En Sıcak Konular

Ruhun kırmızı çizgisini ‘bilmek’ geçer!

0 0 0000 00:00 tsi
Ruhun kırmızı çizgisini ‘bilmek’ geçer! Görmek için bilmek gerekir. Bilmek için hayatınızı vermeniz! Hayatınız karşılığında bilirseniz, hayatın önemi azalır. Ruhunuzun ‘kırmızı çizgisini’ geçersiniz. O zaman ‘başka bir muhatabınız’ olur. O muhatap size ‘sırrı’

Başkent Ankara’nın Ulus Meydanı’nındaki ‘ata binmiş Atatürk heykeli’nde, atın hangi ayağı havadadır?

Belki Ankara’da yaşamamış insanlardan bu sorunun yanıtını beklmemek hata olur ama Ankara’da lise okuyanr öğrenciler, edebiyat öğretmenlerinden bu soruyu o kadar çok duydular ki!

Zira Ankaralıların bu heykeli görmemiş olmaları, İstanbulluların köprüleri görmemiş olmaları gibidir! Peki yanıt ne? Sağ mı sol mu?.. Hayır ikisi de yerdedir ve işte bakmakla görmek arasındaki fark da budur!

Aklın derisi!..

Salt “bakarlara” kötü bir haberimiz var. İyi akıl ürünlerinin birden çok katmanı vardır. Gazetelerin, kitapların ve elbette filmlerin. Eğer “bakarlardansanız”, gittiğiniz filmde zihninize biraz eğlence, anti-stress ve bedeninize de  tuzlu mısır patlağı katarak ayrılırsınız.

Yok “görürler”denseniz, “görme kalitenize” göre birden çok katmanı kaldıra kaldıra filmin “etine” ulaşabilirsiniz. Kötü ürünler hariç hepsinde bu kural işler. Neden mi? Çünkü filmleri, senaryoları, kitapları ve gazeteleri yapanlar insandır ve kendi gördüklerini paylaşmak isterler.

Ama apaçık olmaz! Çünkü her bilgi, aktarıcısının hayatının bir bölümüne mal olmuştur ve en azından o zaman dilimini değil ama bir emek sarf etmenizi, hadi biraz da kırıp dökerek söyleyelim; görmek için “saksıyı çalıştırmanızı” bekler!

Fakat bu da yeterli değil maalesef. Zira “görmek” için “bilmek” gerekir. Yoksa gördügünüzün ne olduğunu nereden bileceksiniz?

“Işık, biraz daha ışık!”

“Sunshine” budur! Güneş-ışığı yani. Vizyondaki yeni film Sunshine, “karanlıkta görmenin, aydınlıkta körleşmenin” hikayesini anlatıyor. Bu yüzden, sağda solda, gazete ve dergi köşelerindeki dandik film eleştirilerini bu seferlik “görmezden” gelin.
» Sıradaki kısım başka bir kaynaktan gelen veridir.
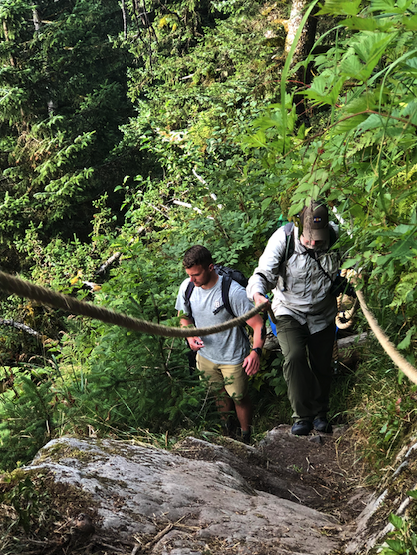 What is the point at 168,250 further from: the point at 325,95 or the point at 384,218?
the point at 325,95

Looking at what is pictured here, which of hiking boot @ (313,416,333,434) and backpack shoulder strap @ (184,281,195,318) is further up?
backpack shoulder strap @ (184,281,195,318)

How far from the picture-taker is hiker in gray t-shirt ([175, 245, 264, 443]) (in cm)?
480

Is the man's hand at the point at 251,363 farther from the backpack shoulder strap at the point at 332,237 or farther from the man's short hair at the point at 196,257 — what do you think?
the backpack shoulder strap at the point at 332,237

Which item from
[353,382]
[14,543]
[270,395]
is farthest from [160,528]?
[270,395]

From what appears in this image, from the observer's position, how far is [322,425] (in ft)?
16.1

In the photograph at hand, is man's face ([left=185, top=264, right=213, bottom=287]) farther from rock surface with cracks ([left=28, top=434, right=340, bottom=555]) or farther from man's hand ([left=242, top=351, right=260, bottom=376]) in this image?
rock surface with cracks ([left=28, top=434, right=340, bottom=555])

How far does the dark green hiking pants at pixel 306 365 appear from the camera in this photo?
190 inches

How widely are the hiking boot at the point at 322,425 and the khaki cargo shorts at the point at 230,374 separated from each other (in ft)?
2.77

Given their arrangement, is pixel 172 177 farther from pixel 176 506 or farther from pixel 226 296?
pixel 176 506

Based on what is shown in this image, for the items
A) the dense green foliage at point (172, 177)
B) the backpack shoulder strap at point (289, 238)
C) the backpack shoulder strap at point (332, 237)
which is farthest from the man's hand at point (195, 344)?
the backpack shoulder strap at point (332, 237)

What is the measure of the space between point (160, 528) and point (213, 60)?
1473cm

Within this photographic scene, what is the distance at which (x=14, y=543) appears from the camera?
5.90 feet

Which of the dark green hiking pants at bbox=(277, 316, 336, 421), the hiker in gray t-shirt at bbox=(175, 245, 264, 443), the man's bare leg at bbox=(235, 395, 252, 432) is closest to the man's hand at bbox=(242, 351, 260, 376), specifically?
the hiker in gray t-shirt at bbox=(175, 245, 264, 443)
Muhtemelen hep tanıdık “dahilerin” savruk imajları bundandır. Yani çok bilmekten. Yani bilgiyle, tıpkı bazen kedilerin bir boşluğa takılıp kalmaları gibi, sizin ancak baktıklarınızı “görürler”. Bu yüzden kendi kılık-kıyafetleri ile dağınıklıkları bundandır. Karanlıkta gördükleri için üstlerine başlarına çok dikkat etmezler.
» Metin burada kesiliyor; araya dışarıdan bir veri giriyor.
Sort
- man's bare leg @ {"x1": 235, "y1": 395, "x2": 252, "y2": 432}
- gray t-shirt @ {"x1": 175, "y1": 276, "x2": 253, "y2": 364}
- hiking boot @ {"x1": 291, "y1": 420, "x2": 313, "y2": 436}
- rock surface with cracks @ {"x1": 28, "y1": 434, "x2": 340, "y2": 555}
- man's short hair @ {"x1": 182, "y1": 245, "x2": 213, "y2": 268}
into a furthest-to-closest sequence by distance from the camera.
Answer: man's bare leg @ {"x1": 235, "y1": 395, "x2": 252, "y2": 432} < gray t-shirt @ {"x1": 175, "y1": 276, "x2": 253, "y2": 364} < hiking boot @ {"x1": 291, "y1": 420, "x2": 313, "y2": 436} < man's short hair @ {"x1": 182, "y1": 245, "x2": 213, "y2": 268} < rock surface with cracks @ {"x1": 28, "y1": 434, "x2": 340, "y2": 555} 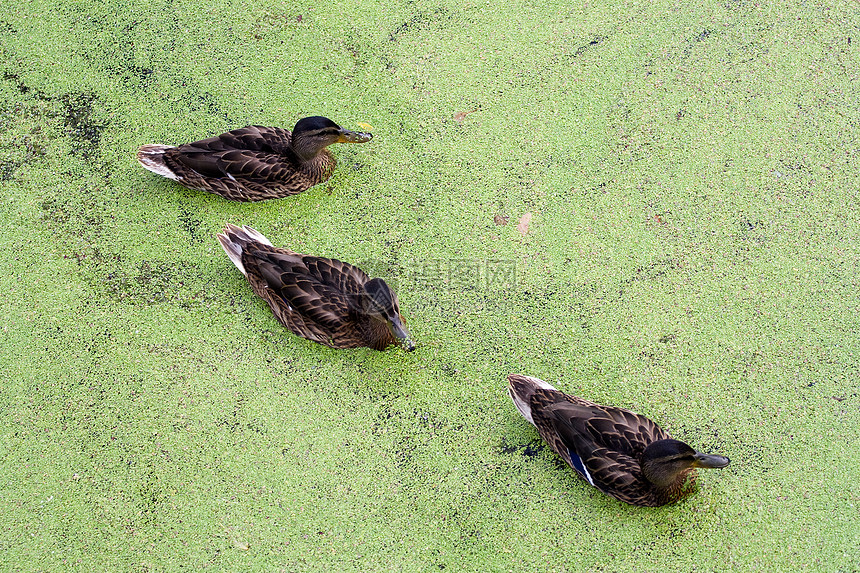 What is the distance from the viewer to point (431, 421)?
3.00m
Dann Boyle’un ‘Gün Işığı’ filminin ilk katmanı bu. Görmek! İkinci katmanı ise görmek için çok bilmenin gerektiği.. Bunu istiyorsanız da azıcık “çatlaklığı” kabul edeceksiniz!
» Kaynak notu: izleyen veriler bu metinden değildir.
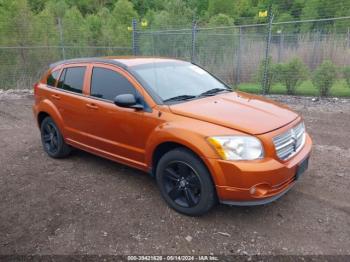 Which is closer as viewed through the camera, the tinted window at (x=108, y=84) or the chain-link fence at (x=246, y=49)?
the tinted window at (x=108, y=84)

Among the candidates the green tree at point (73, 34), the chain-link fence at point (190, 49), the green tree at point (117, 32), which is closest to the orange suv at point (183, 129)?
the chain-link fence at point (190, 49)

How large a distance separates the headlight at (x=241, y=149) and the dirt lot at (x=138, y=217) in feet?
2.66

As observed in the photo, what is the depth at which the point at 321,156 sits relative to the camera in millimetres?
5281

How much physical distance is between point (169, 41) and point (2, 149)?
361 inches

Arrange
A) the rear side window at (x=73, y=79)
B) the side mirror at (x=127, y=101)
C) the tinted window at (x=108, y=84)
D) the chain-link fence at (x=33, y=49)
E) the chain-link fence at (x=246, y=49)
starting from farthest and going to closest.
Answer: the chain-link fence at (x=33, y=49), the chain-link fence at (x=246, y=49), the rear side window at (x=73, y=79), the tinted window at (x=108, y=84), the side mirror at (x=127, y=101)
60’ların 70’lerin Türkiye’sinin tekrarlamayı pek sevdiği bir “özlü söz” vardır ya hani.. Çok okuyanın aklına kötü fikirler üşüşür” diye.. Doğru değil. Çok bilenin aklına kötü fikirler üşüşmez. Siz artık onun gördüklerine göremediğiniz için ne dediğini ne yaptığını anlamazsınız.

Anlamamak bilmemektir. Bilmemek korkmak. Korktuğunuz kötü. Yani okuyanın/bilenin suçu yok. Okuyup bilmemenin suçu bu. Bil, sen de korkma!

3. katman…

Filmin yarım doğrularından biri de bu işte. Görmenin akli dengeleri nasıl bozabileceğine, fazlasını bilmenin tehlikeli olabileceğine dair mesajları böyle.

“İyi de kardeşim, bu bilim-kurgu filmi değil mi?” Öyle… Ama katmanı değil o. Afişi. Gelip izleyin diye. Yoksa yıl 2057 hakikaten. Güneş, çekirdeğindeki bir madde yüzünden kararmak üzeredir ve insanoğlu tehlikededir.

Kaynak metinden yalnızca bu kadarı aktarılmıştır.